Stored data:
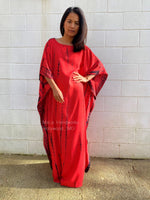 MALA handworks  Mia Boat Neck Kaftan in Red and Black Tie Dye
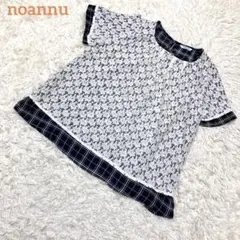 【noannu】重ね着風カットソー 総レース チェック柄 半袖 シャツ 4L
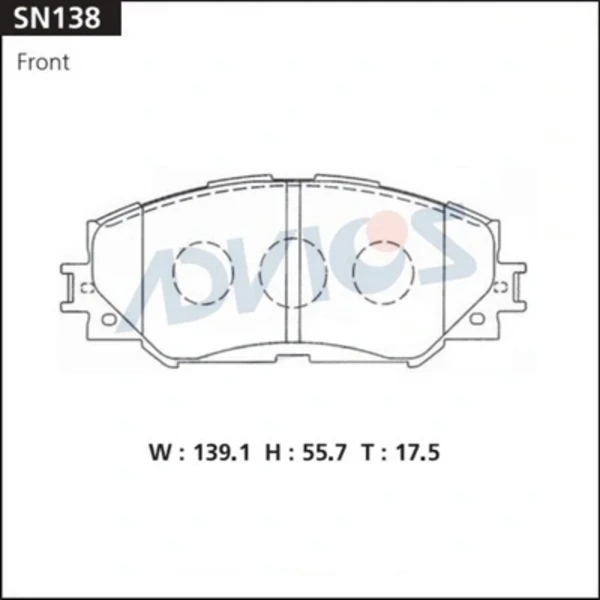 Передние тормозные колодки SN138 Advics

Description of the task:
Working from the line containing "チェック柄 半袖 シャツ 4L" to the last line of the data, retype every line exactly, both ends included, and leave out all pictures.

Result of this task:
 【noannu】重ね着風カットソー 総レース チェック柄 半袖 シャツ 4L
 Передние тормозные колодки SN138 Advics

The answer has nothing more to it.